Analysts say the big hitters in business are diversifying from traditional money-spinners such as the extraction industries and cashing in on new growth areas, such as car manufacture and retail, as ordinary Russians’ spending power takes off.
The survey confirms the dominance of a tier of tycoons who have developed friendly relations with the Kremlin by agreeing to Putin’s ultimatum to stay out of politics.
Deripaska has poured hundreds of millions of dollars into a sports complex near Sochi, the Black Sea town where the 2014 Winter Olympics will be held, while Abramovich has funded a new training camp for the Russian football team.

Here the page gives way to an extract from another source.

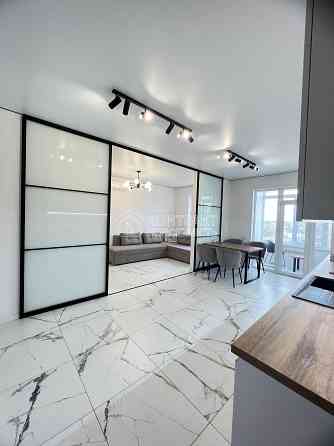 Продаж Квартира 2-кімнатна, 4/4 поверх на вул. Перемоги Харьков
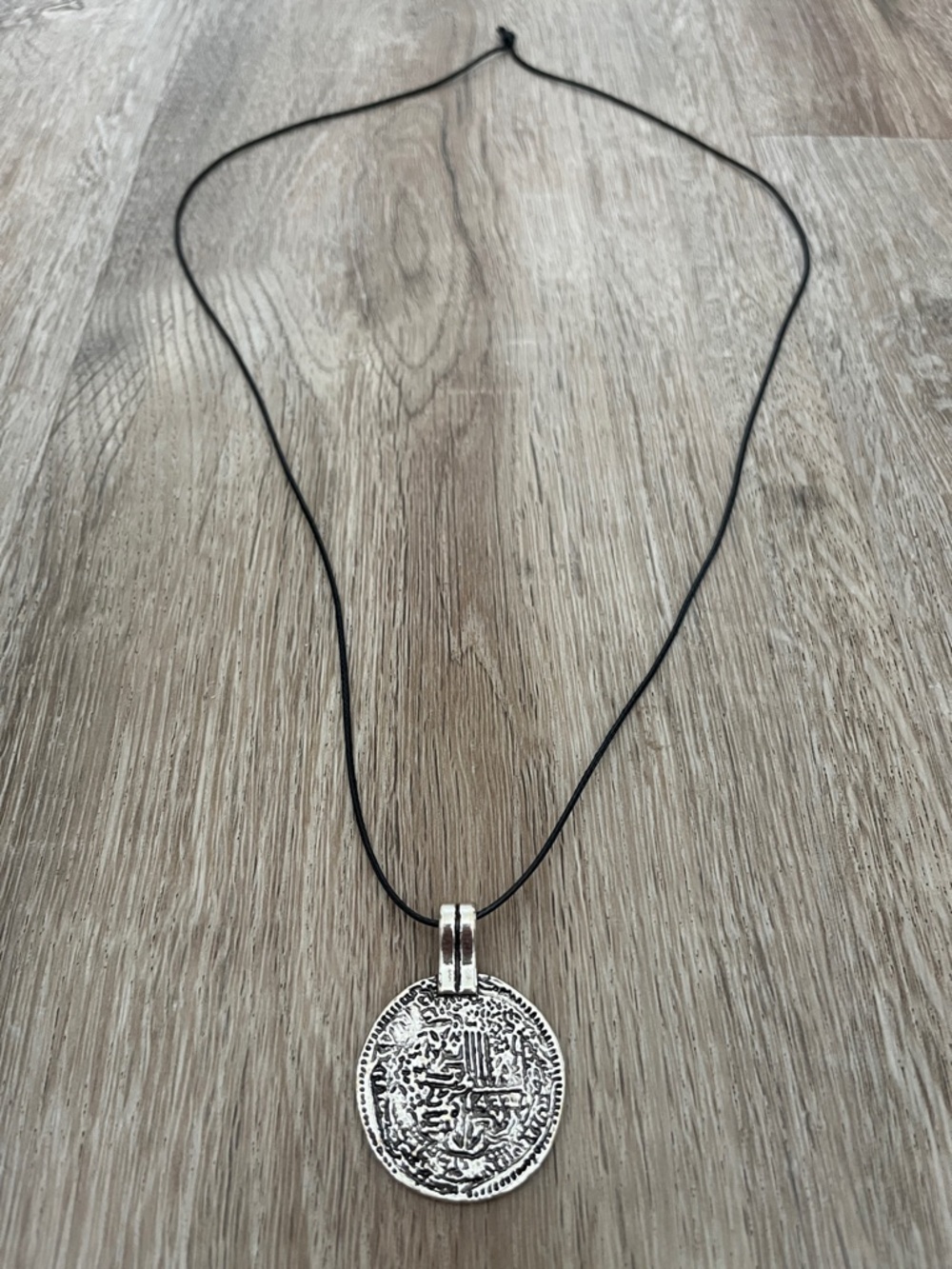 Antique-Style Silver Medallion Pendant Necklace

Viktor Vekselberg (ninth richest, with $15,5-billion) is famous for buying a clutch of Fabergé eggs worth about $100-million to ensure they stayed in Russia. And Arsenal Football Club shareholder Alisher Usmanov (12th, with $13,3-billion) splashed out $40-million last year to buy the art collection of the late cellist Mstislav Rostropovich for a state museum. By comparison, the self-exiled London resident, Boris Berezovsky, who held immense political clout in the late 1990s until he fell out with Putin and fled to the UK, has seen his assets dwindle. He came 80th with $1,3-billion.
Mikhail Khodorkovsky, who was jailed and stripped of oil company Yukos after clashing with the Kremlin and being convicted of fraud in 2005, did not even figure in the list of Russia’s 500 richest people.
Despite their philanthropy, the new tycoons are not popular. While the economic boom has begun to trickle down to an embryonic middle class, social inequality has risen.
The country’s richest 500 are worth $715-billion; more than half of Russia’s GDP, while some pensioners get less than $120 a month.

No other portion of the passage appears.